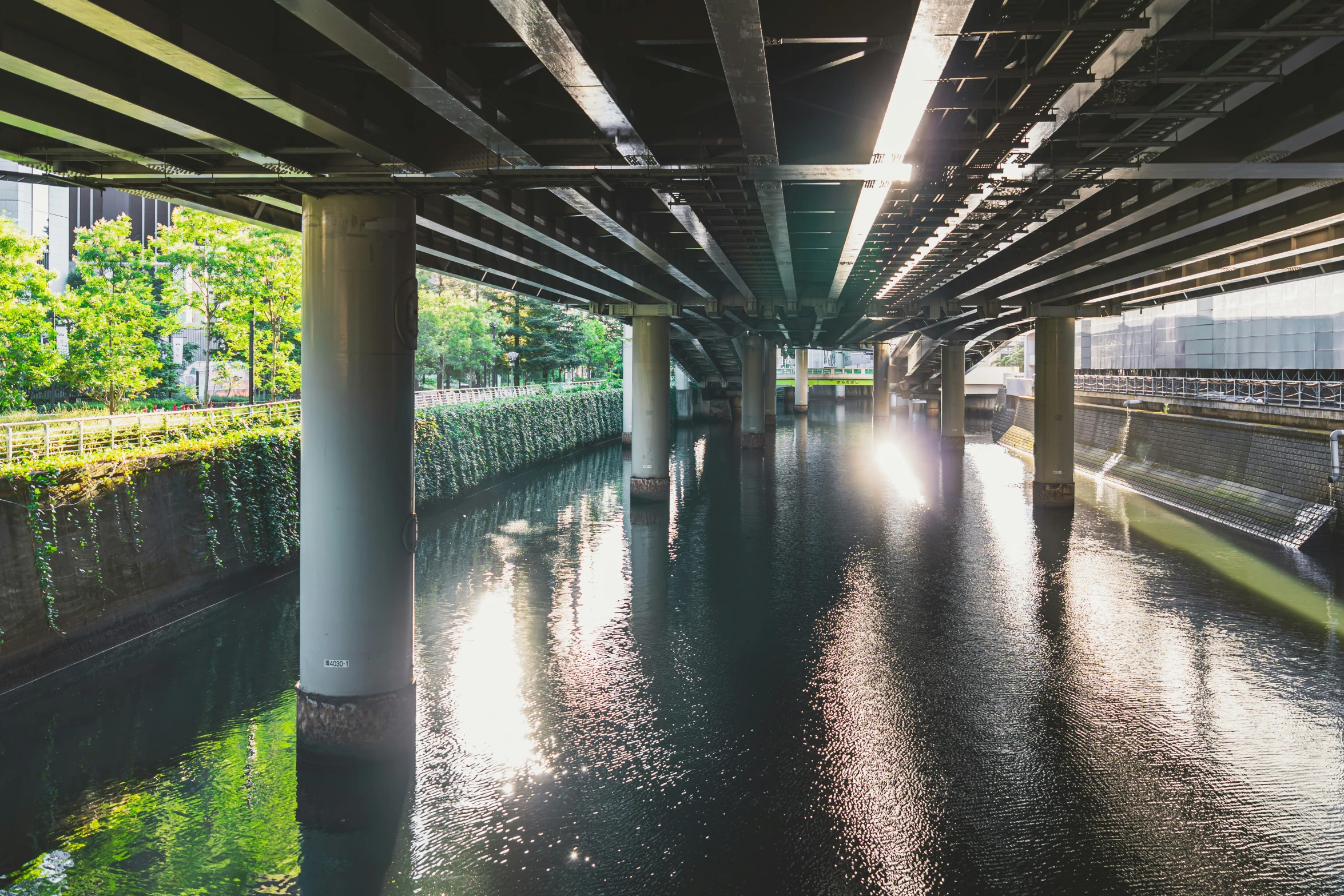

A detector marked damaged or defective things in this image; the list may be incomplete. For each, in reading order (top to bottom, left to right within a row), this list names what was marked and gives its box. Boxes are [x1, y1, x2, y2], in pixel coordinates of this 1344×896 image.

rusted base of column [631, 472, 669, 502]
rusted base of column [1032, 481, 1075, 508]
rusted base of column [298, 687, 413, 763]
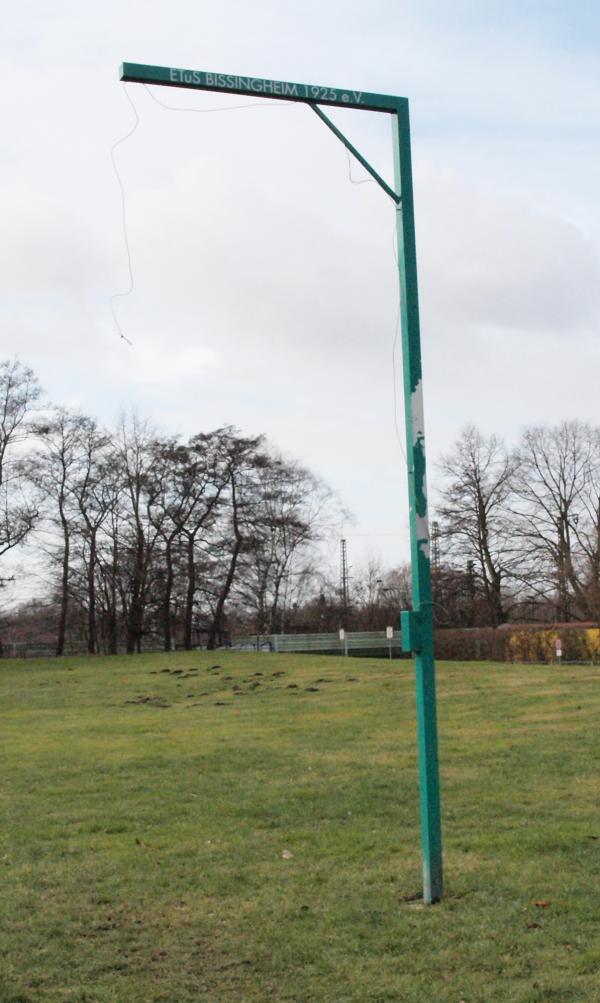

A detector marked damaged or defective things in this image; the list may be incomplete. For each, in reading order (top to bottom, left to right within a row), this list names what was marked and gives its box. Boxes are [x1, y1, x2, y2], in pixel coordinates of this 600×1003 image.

paint-chipped pole [119, 62, 442, 908]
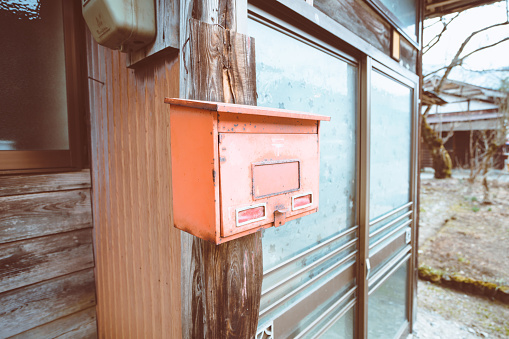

[What is expected] With pictures left out, repeat exactly the lines from the line bearing "this 600×1003 image." through the final line of the records above.

[Solution for this task]
A detector marked damaged or defective things in this image; the list may be incomplete. For each, in reading order (top to bottom, left to right within a row), this list names what was marked and gives its box. Boxes are [x1, y1, x2, y2], in pixel coordinates of this 600×1003 image.

paint-chipped pole [119, 62, 442, 908]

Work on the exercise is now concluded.